**Task objective**
The needed output is the run of lines below from the one containing "Welcome to this" through the one containing "a large kitchen", copied exactly and free of pictures.

**Dataset content**
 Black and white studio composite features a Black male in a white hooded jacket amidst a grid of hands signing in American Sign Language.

...

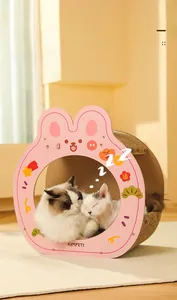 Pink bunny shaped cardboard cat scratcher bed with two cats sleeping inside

==

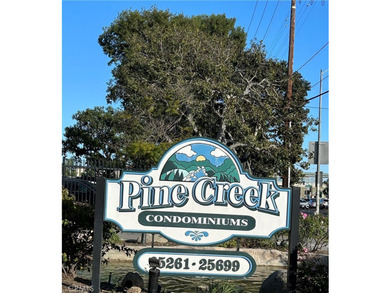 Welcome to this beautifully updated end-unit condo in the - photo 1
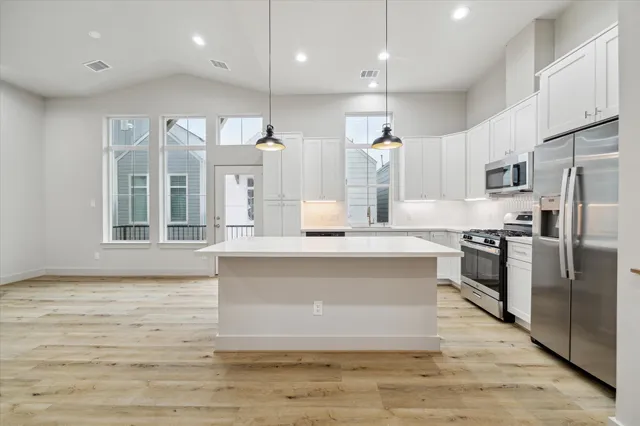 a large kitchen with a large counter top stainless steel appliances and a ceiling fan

**Result of this task**
 Welcome to this beautifully updated end-unit condo in the - photo 1
 a large kitchen with a large counter top stainless steel appliances and a ceiling fan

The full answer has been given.